Lawmakers can expect to get some more money to spend when the Economic Forum sets state revenues on Monday — but probably not as much as they’re hoping for.
They got some good news last week when the Technical Advisory Committee predicted Nevada’s “minor revenues” would increase $51.3 million over what was projected in November. The minors come from more than 70 sources and, together, are anything but minor, generating more than $500 million a year.
Monday, the focus of the five-member panel of financial experts will be projecting the “major” revenues that support the General Fund budget.
While she declined to say what fiscal staff has told her, “I’ve got my fingers and my toes crossed,” said Senate Finance Chairman Joyce Woodhouse, D-Las Vegas.
Sales taxes and gaming fees are by far the biggest and both are currently projected to grow 5 percent or more a year.

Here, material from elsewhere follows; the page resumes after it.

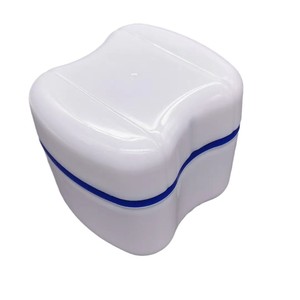 Denture Storage Box Double Layer With Filter Plastic Dental <b>Care</b> For Adults Blue - Product Image 1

Most of the projections including gaming are expected to be optimistic. The sales tax is the problem. It’s currently projected to bring in $2.3 billion over the 2018-19 budget year.

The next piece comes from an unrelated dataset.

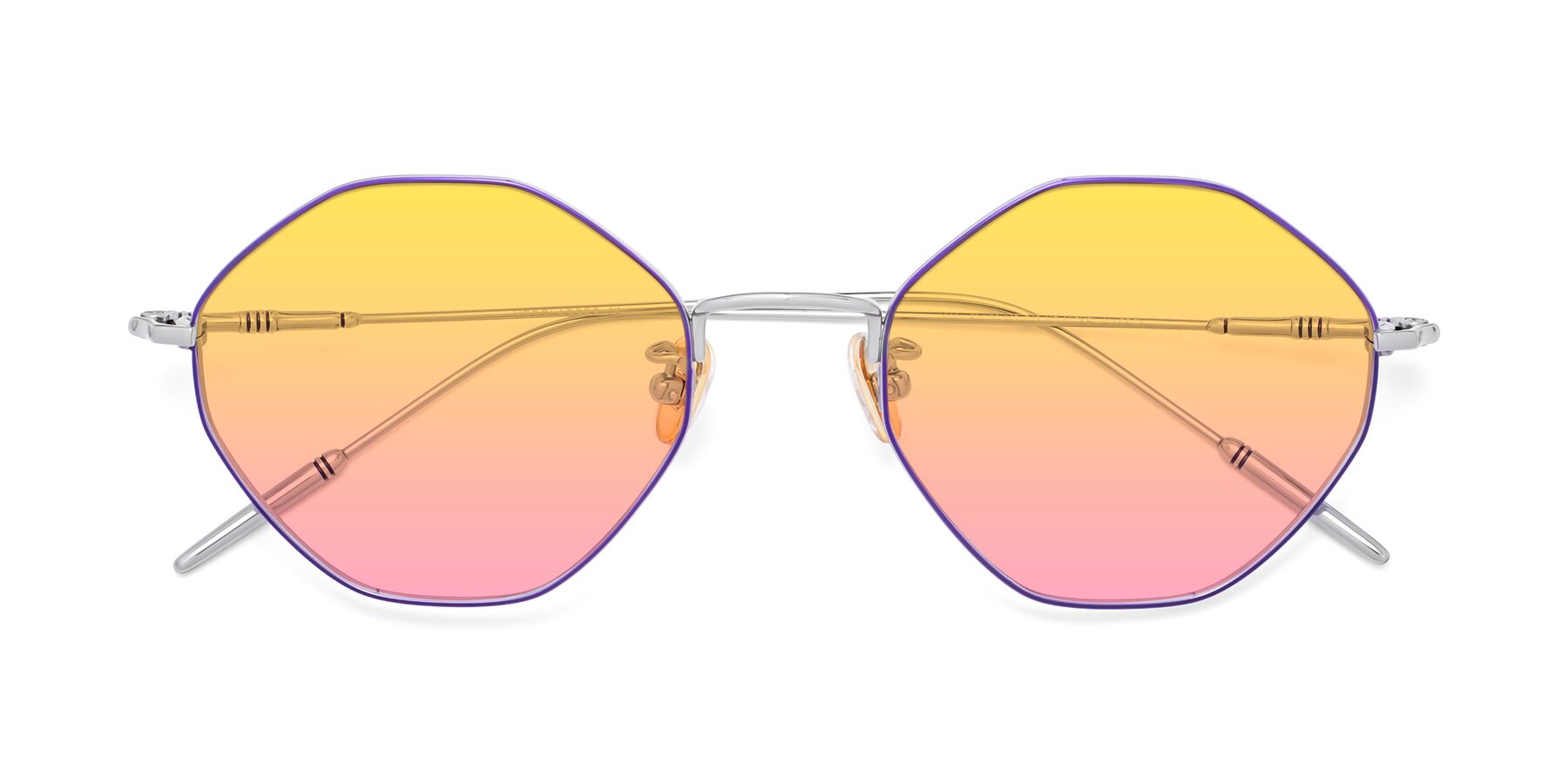 Folded Front of 90001 in Voilet-Silver with Yellow / Pink Gradient Lenses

But while taxable sales are running 6.6 percent ahead of 2016, actual collections are up just 2.4 percent.
In part, the gap is the result of a complex piece of the Tesla deal that created the Storey County Economic Diversification District to funnel state sales tax money back to Tesla.
In November, the forum projected a total of $7.89 billion, $541.3 million more than in 2015. Gov. Brian Sandoval’s recommended budget not only spent that money but more including $100 million in projected marijuana sales tax revenue.
Lawmakers, obviously, are hoping the forum adds significantly to that total, giving them cash to spend on their priorities. That won’t happen if the forum pulls back on the sales tax.
Altogether, lawmakers have already added as much as $40 million to what the governor recommended. About $10 million of that total happened Friday when lawmakers rejected most of Sandoval’s proposed reductions to mental health programs.
In addition to sales taxes and gaming fees, the “majors” include the Modified Business Tax, the gaming Live Entertainment Tax, Insurance Premium Tax, Real Property Transfer Tax, Governmental Services Tax and the controversial Commerce Tax.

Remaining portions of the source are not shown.